Paper Note: Spatiotemporal reservoir resampling for real-time ray tracing with dynamic direct lighting
This article discusses the theoretical foundation and implementation of the ReSTIR algorithm.
Preface
The renowned ReSTIR sampler achieves highly efficient sampling using a very simple data structure.
The core idea is to use Weighted Reservoir Sampling (WRS) for Resampled Importance Sampling (RIS), and then leverage the properties of WRS to add low-overhead temporal and spatial sampling reuse.
Subsequently, the article analyzes the situations and reasons that lead to bias and provides an unbiased version of the algorithm.
Update as of Dec. 2024
This blog was written when I just finished the paper reading and did not have a very good understanding of the algorithm. It is quite superfluent by my today's view, and I may give it a rewrite in the future.
Problem Statement
The rendering equation is essentially an integral. For example, the radiance emitted from point \(y\) in direction \(\vec{\omega}\) is: $$ L(y,\omega) = \int_A \rho(y, \vec{yx}\leftrightarrow \vec{\omega}) \cdot L_e(x\to y)\cdot G(x\leftrightarrow y)V(x\leftrightarrow y)\text{d}A_x $$ where \(\rho\) is the BRDF, \(L_e\) is the outgoing radiance from the previous point \(x\), \(V\) is visibility, and \(G\) is the geometric term (i.e., the cosine of the angle with the normal). Simplified, it can be written as: $$ L= \int_Af(x)\text{d}x, f(x) =\rho(x)L_e(x)G(x)V(x) $$ The rendering process involves discretely sampling and estimating this integral.
Importance Sampling (IS)
Starting from a PDF \(p\) that approximates \(f\), sample \(N\) samples \(x_1, x_2, \cdots, x_n\) with weights \(p\): $$ \langle L \rangle^N_{\text{is}} = \frac{1}{N}\sum_{i=1}^N\frac{f(x_i)}{p(x_i)} $$ As long as \(f\) is non-zero and \(p\) is always positive, IS is unbiased; the closer \(p\) is to \(f\), the lower the variance.

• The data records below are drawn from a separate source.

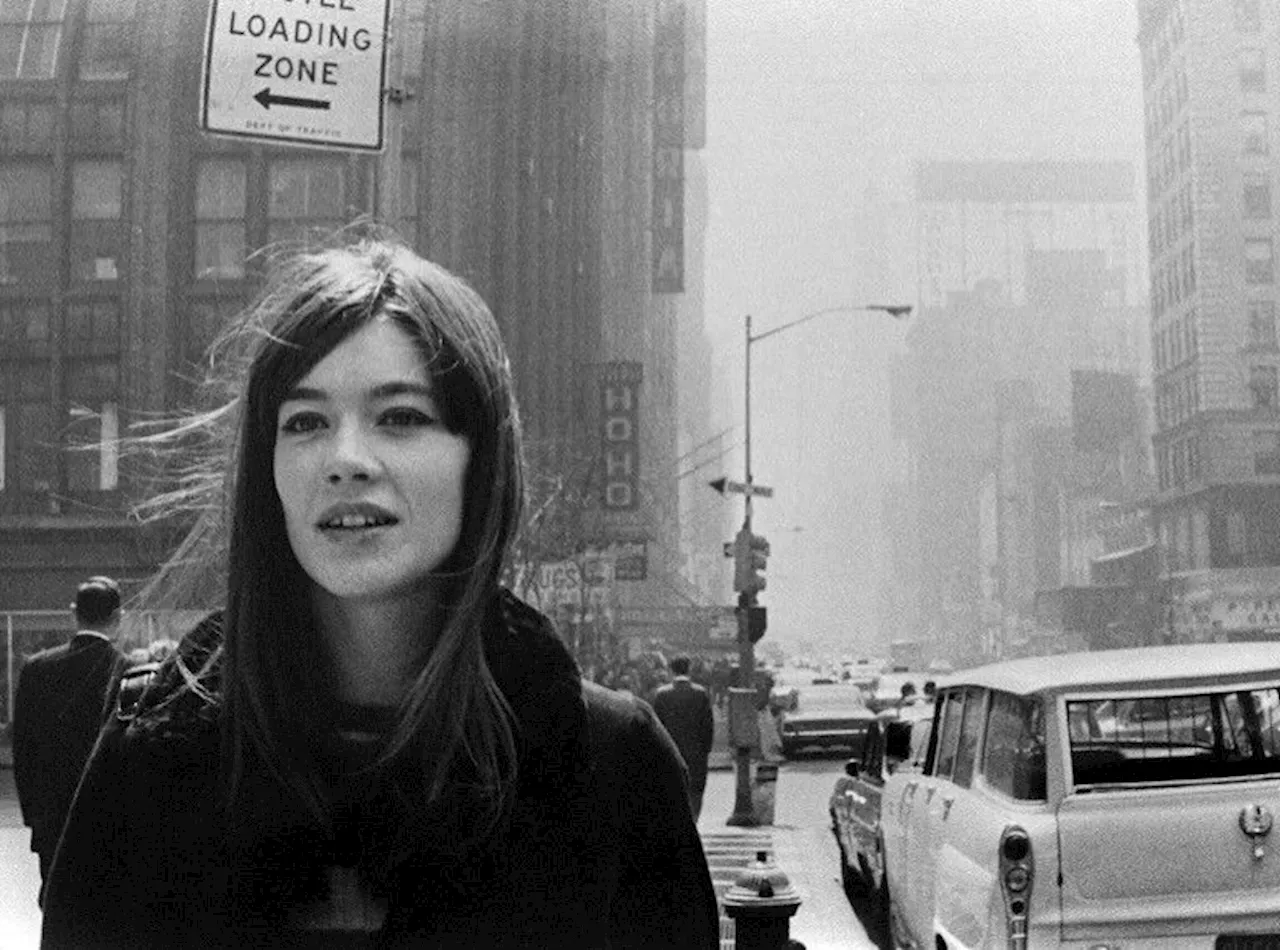 La France pleure Françoise Hardy, une de ses dernières icônes des sixties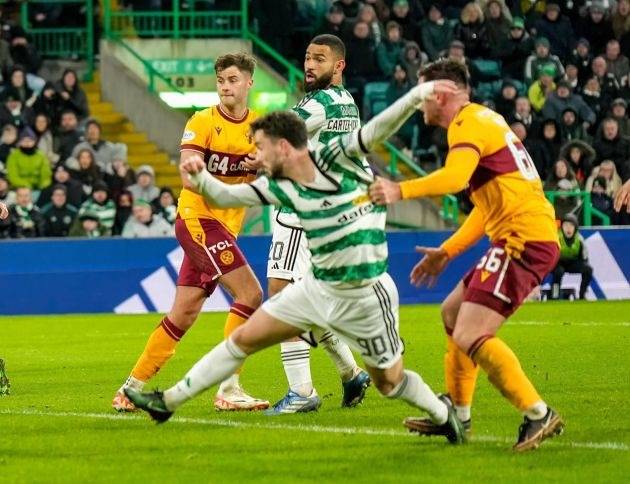 Celtic 1-1 Motherwell – Door left open to title rivals as Celtic slip up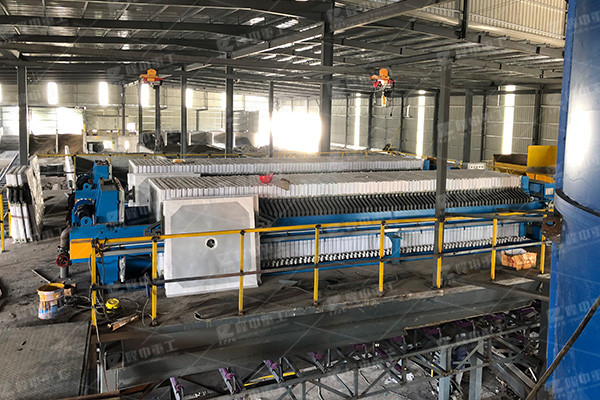 污泥處理設(shè)備帶式壓濾機(jī)多少錢，處理量能上去嗎？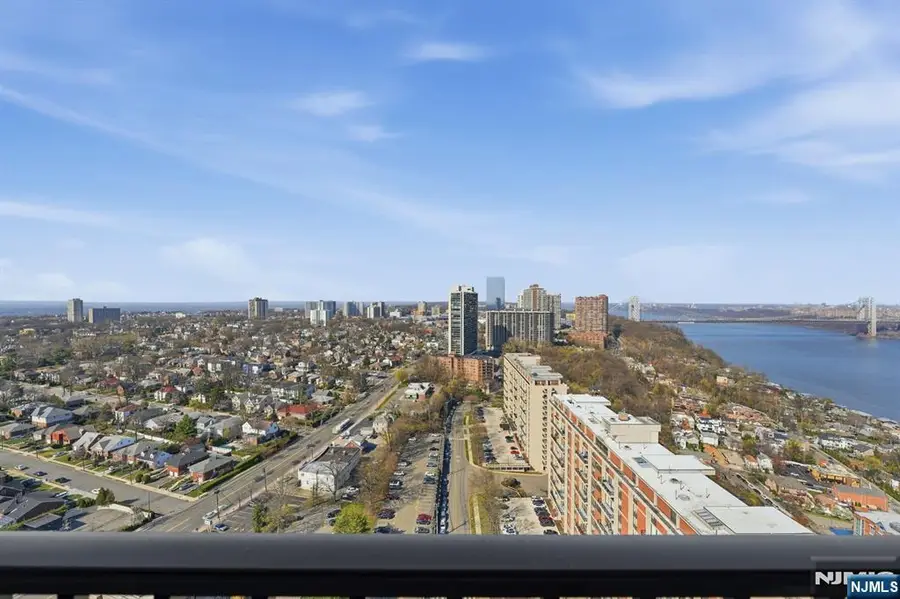 6 Horizon 2809, Fort Lee, NJ 07024 - #2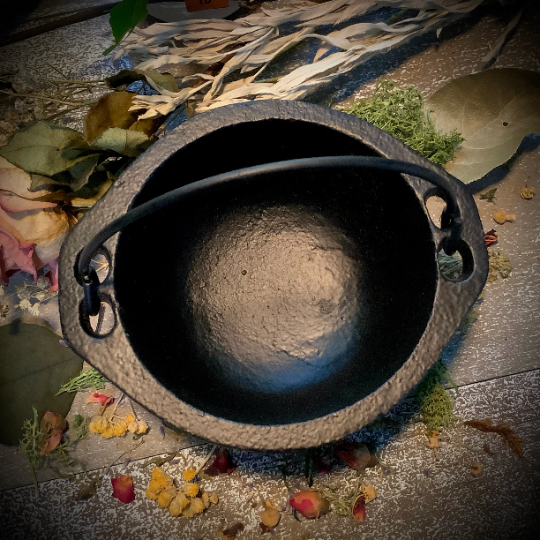Medium Cast Iron Cauldron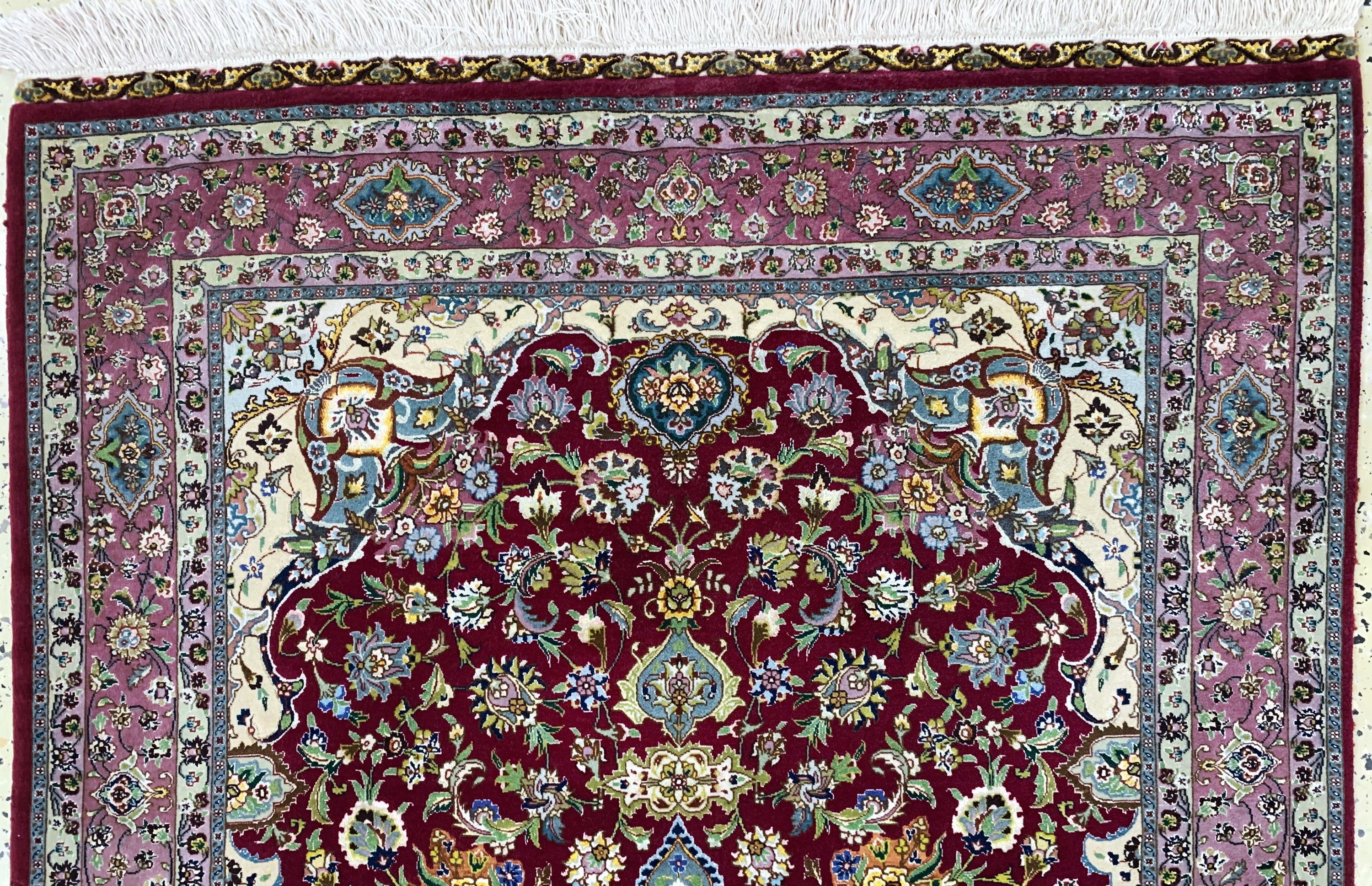 Detail a: Täbriz fein(60 Raj), Persien, Mitte 20.Jhd,Korkwolle mit und auf Seide, ca. 155 x 103 cm,ca. 800.000 Kn/qm, EHZ: 1-2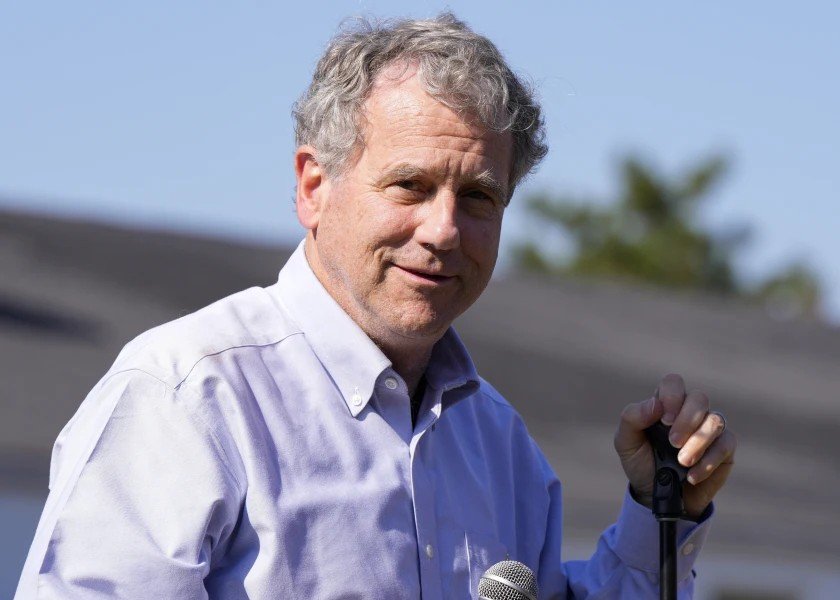 PpollingNumbers's tweet photo. US Senate Ohio fundraising totals - Q3 2026

🔵 Sherrod Brown - $23M
🔴 Jon Husted - $5M https://t.co/3SvEarRLpp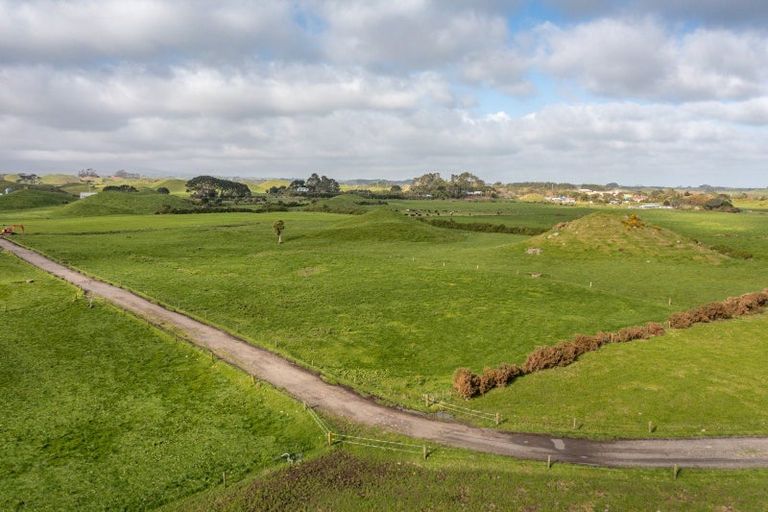 Photo of property in 22 Pungarehu Road, Pungarehu, 4685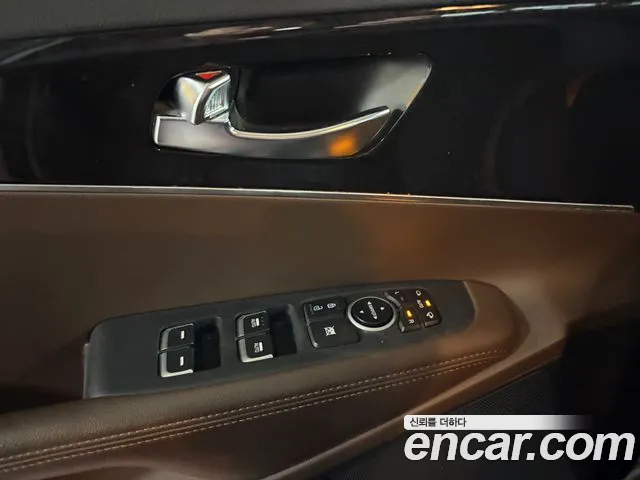 Kia Sorento — фото 17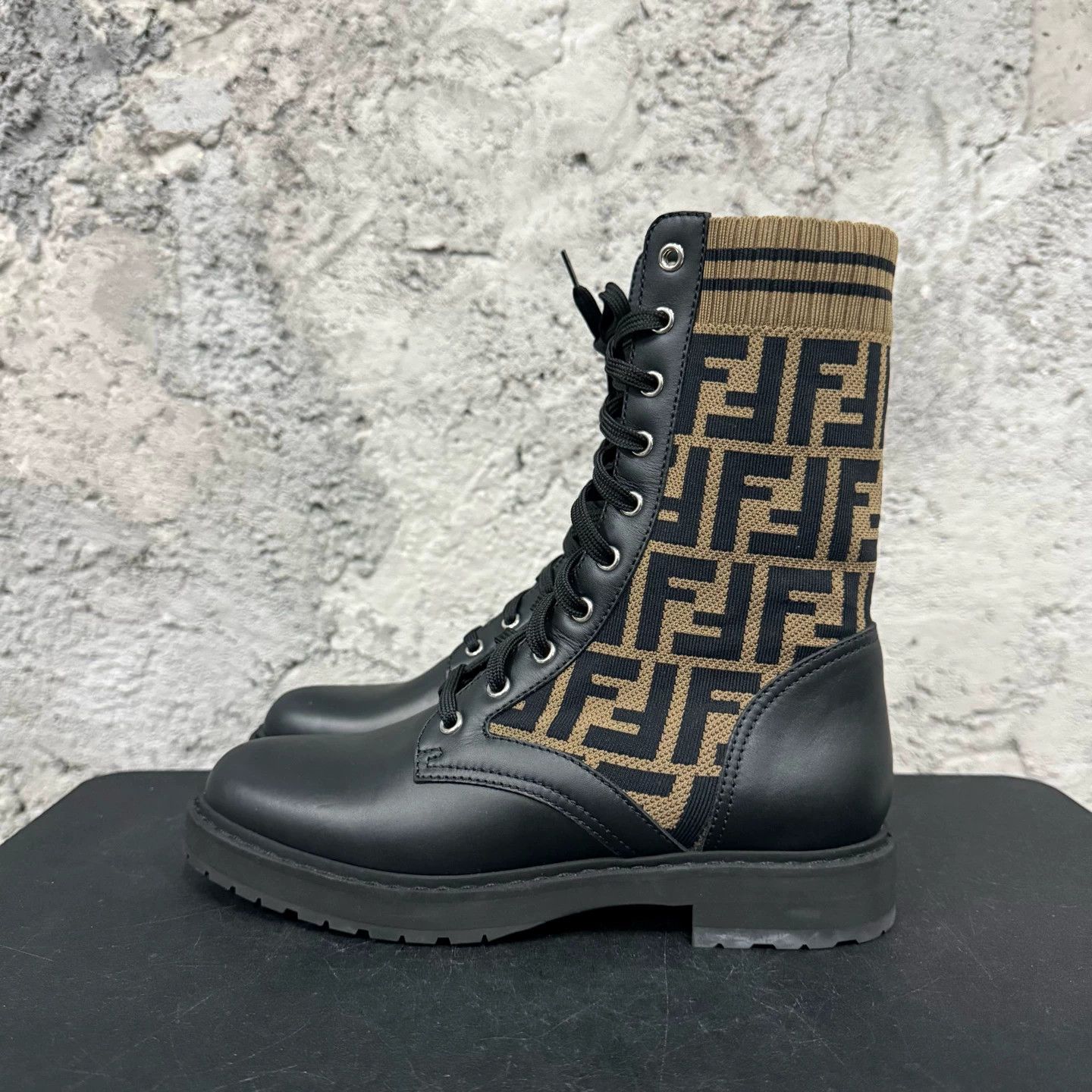 Fendi Fendi Women's 38 boots Size US 7 / IT 37 - 2 Thumbnail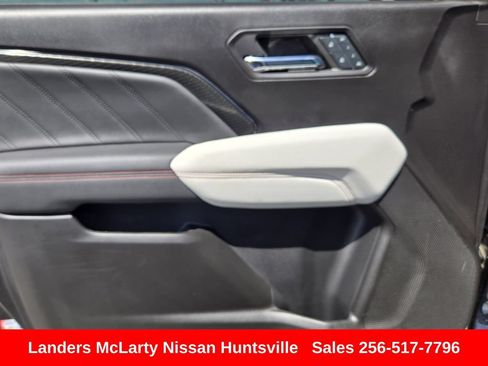 Used 2024 GMC Canyon AT4X AWD/4WD image 24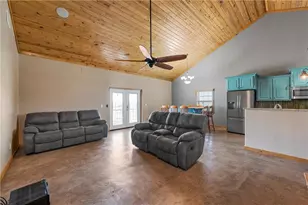 5730 Leroy Pkwy, West, TX 76691 - Photo 4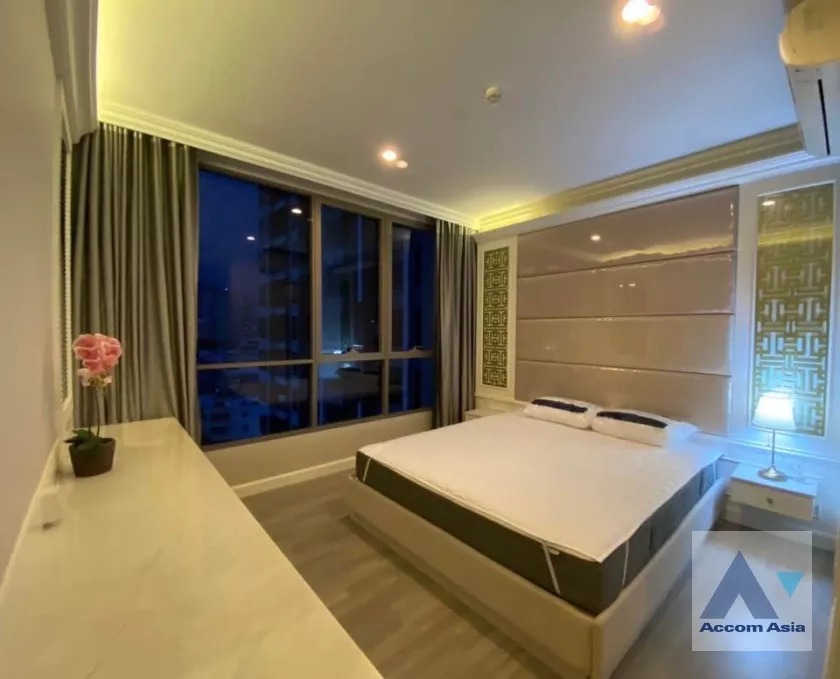  2 Bedrooms  Condominium For Rent in Sathorn, Bangkok  (AA38221)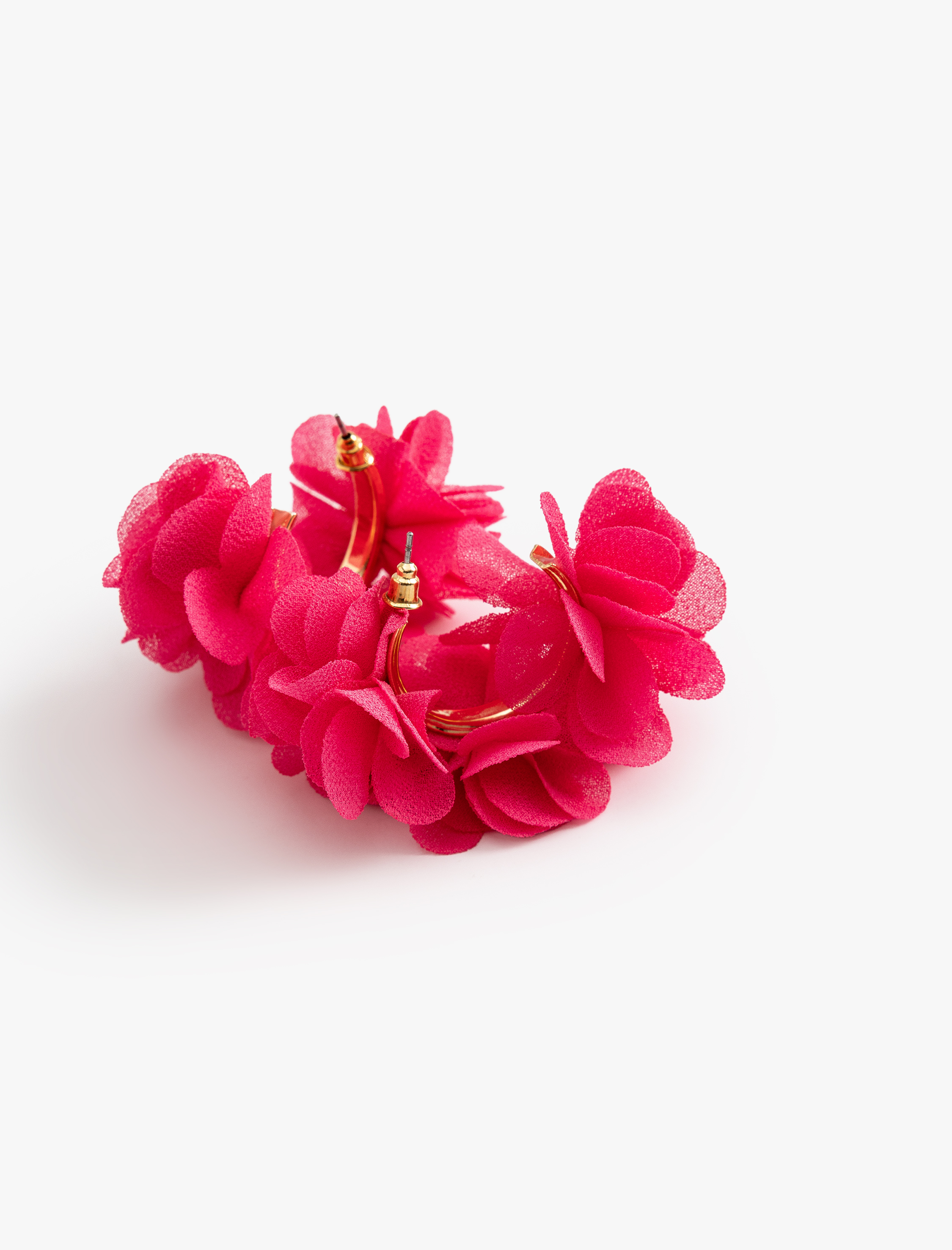  Kadın Çiçekli Halka Küpe Hacimli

The problem with IS is that although some components of \(f\) (e.g., \(L_e, \rho\)) have known PDFs, it is difficult to find a PDF that closely approximates \(f\) itself.
Multiple Importance Sampling (MIS)
MIS addresses the difficulty of fitting the integrand in IS by using different strategies and weighted combinations. It uses easily fitted weights like \(L_e\) and \(\rho\) and then mixes the sampling results with weights: $$ \langle L\rangle_{\text{mis}}^{M,N} = \sum_{s=1}^M\frac{1}{N_s}\sum_{i=1}^{N_s}w_s(x_i)\frac{f(x_i)}{p_s(x_i)} $$ where \(M\) is the number of sampling strategies (i.e., the number of PDFs) and \(N_s\) is the number of samples for each strategy. As long as the weights \(w_s\) sum to 1 across strategies, MIS remains unbiased.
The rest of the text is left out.